◆ EXERCISE BRIEF ◆
Only one number is expected here, namely how many lines of the entries below hold the string "Image".

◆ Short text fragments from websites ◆
* * * *

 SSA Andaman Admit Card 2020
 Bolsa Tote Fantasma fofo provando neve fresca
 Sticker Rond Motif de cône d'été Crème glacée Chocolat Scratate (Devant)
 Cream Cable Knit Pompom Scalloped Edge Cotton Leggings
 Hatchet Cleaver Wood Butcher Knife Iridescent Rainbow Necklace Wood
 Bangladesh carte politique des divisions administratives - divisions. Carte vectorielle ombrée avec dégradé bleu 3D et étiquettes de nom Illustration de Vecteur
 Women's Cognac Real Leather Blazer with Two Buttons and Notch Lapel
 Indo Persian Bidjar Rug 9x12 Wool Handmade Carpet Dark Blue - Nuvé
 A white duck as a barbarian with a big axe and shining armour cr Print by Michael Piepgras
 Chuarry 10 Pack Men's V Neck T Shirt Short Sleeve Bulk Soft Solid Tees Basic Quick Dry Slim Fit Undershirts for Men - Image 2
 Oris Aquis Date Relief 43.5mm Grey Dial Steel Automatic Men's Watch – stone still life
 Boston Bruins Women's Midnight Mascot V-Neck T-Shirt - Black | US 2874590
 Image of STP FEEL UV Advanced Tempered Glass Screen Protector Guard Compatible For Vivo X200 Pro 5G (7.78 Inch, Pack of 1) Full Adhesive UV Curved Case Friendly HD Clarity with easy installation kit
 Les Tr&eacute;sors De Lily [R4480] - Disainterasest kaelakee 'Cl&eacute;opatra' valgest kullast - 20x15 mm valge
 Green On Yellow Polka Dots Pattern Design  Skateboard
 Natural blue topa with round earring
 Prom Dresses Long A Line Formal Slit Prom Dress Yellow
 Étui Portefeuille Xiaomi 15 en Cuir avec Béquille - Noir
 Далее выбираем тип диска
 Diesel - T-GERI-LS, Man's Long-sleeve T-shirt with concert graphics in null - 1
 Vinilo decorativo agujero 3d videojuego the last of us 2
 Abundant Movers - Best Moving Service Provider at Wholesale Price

* * * *

◆ ANSWER AREA ◆
2